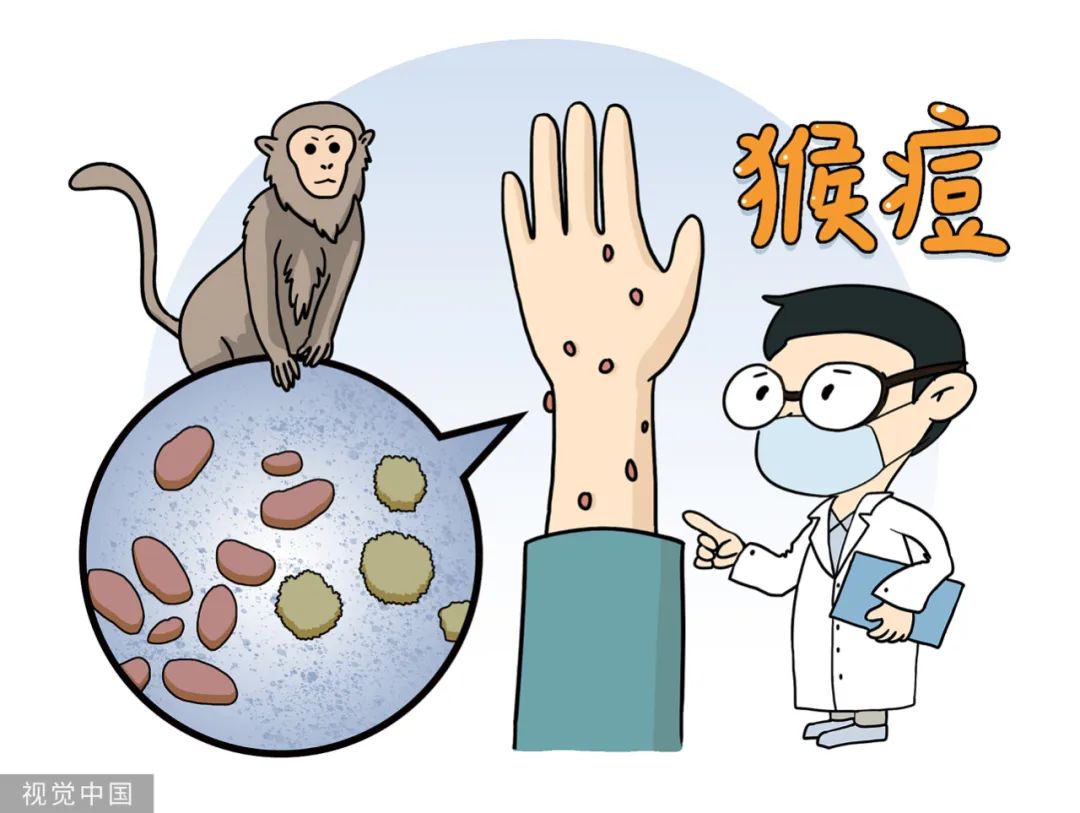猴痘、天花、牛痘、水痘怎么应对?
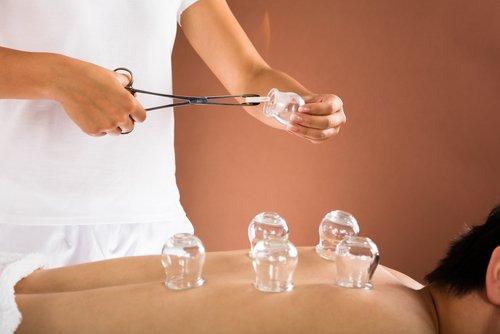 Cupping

★ ★ ★ ★ ★

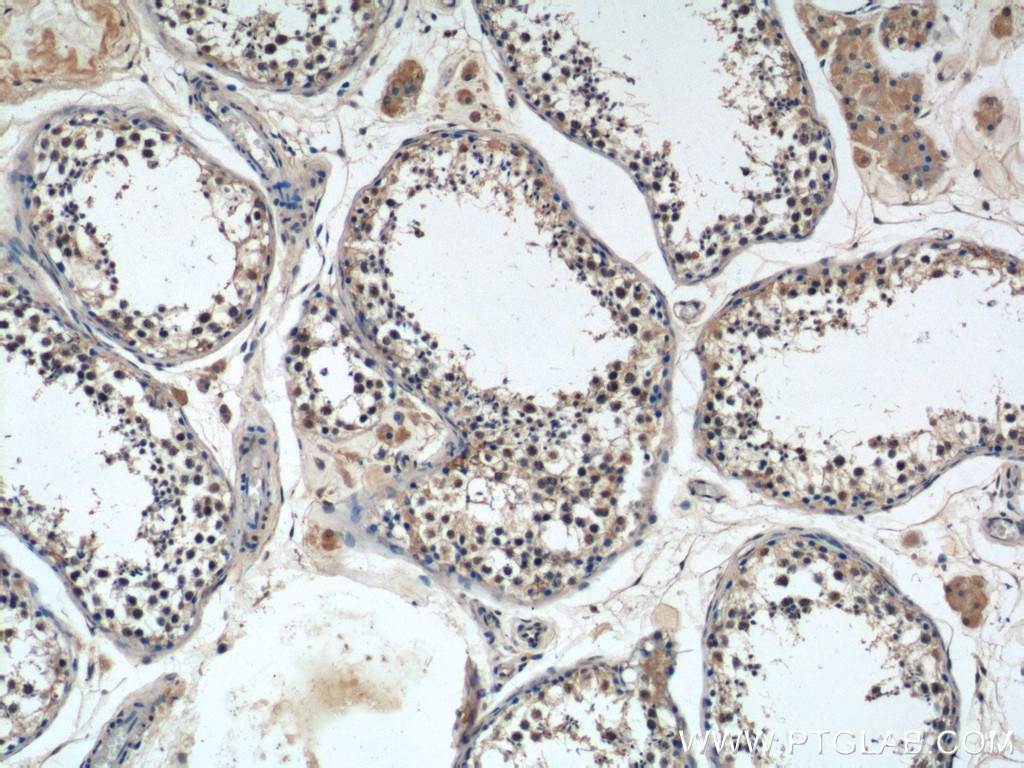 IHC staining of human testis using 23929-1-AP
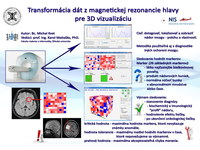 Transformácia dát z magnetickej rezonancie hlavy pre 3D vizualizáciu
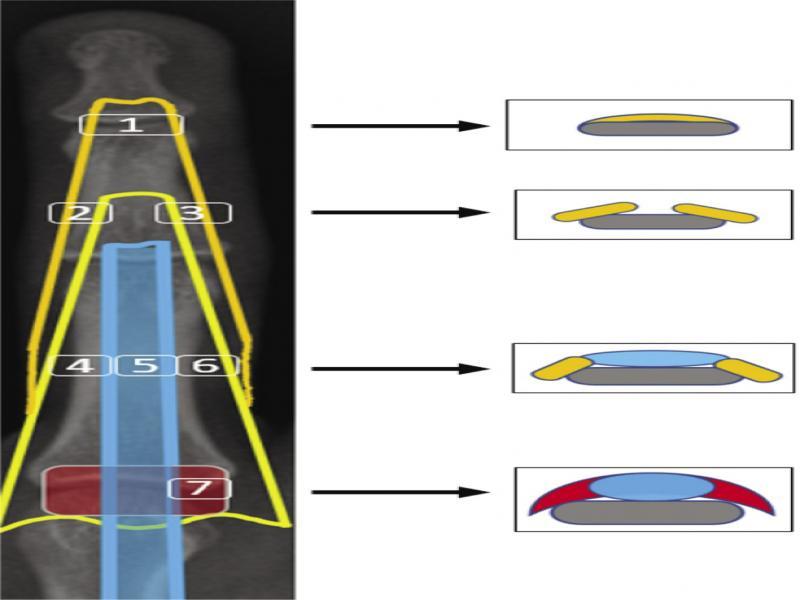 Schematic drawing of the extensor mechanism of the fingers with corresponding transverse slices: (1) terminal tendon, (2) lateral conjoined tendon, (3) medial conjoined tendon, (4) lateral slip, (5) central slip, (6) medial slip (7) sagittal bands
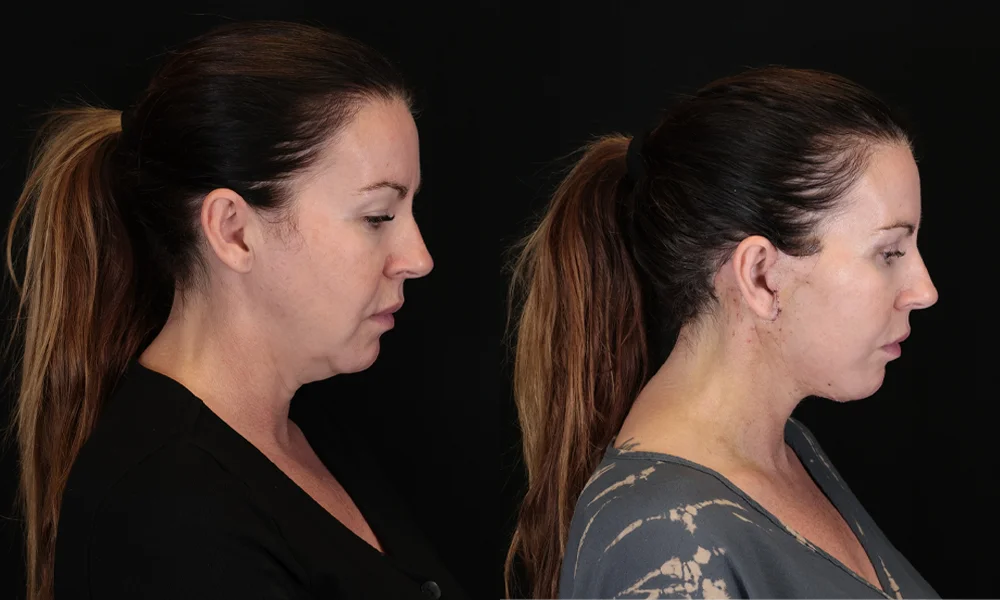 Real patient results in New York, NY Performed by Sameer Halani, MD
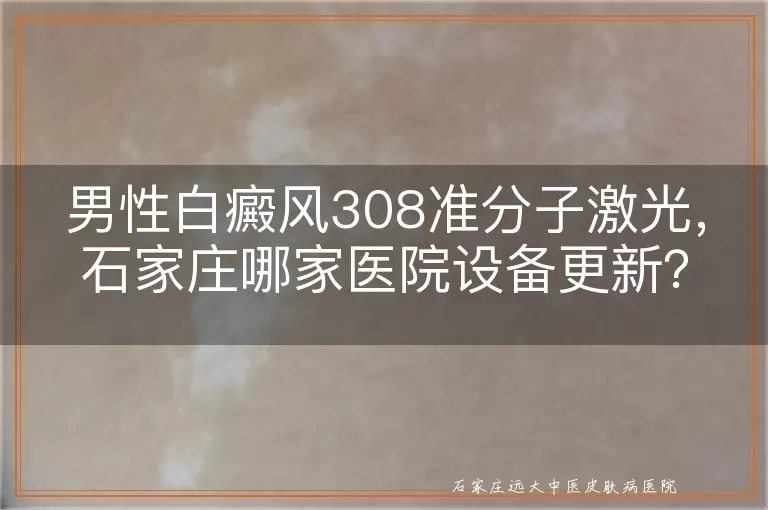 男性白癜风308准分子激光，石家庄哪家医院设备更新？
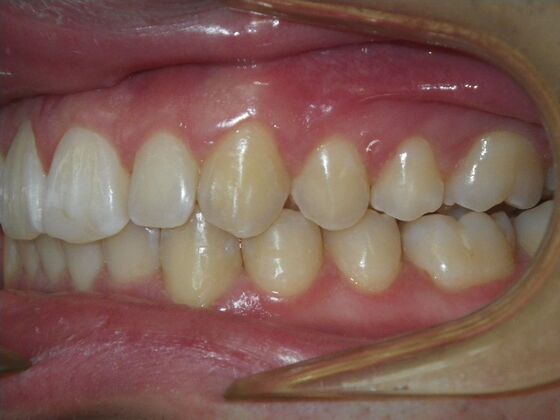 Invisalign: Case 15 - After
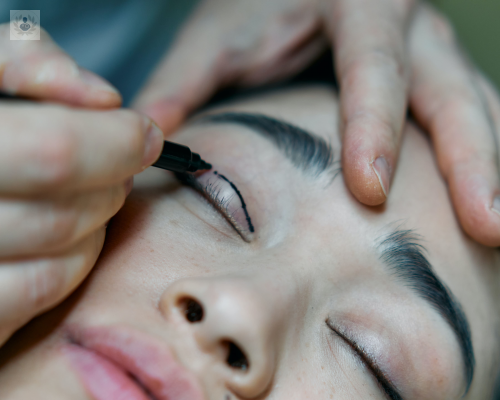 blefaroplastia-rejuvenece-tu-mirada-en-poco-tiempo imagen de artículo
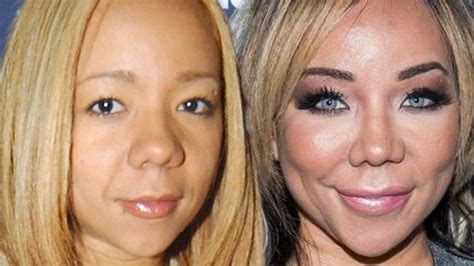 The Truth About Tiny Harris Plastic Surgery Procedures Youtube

★ ★ ★ ★ ★

What the task asks — Quote the lines above exactly, starting with the one that has "IHC staining of" and ending with the one that has "Transformácia dát z"; drop the pictures and include nothing else.

Result of this exercise —
 IHC staining of human testis using 23929-1-AP
 Transformácia dát z magnetickej rezonancie hlavy pre 3D vizualizáciu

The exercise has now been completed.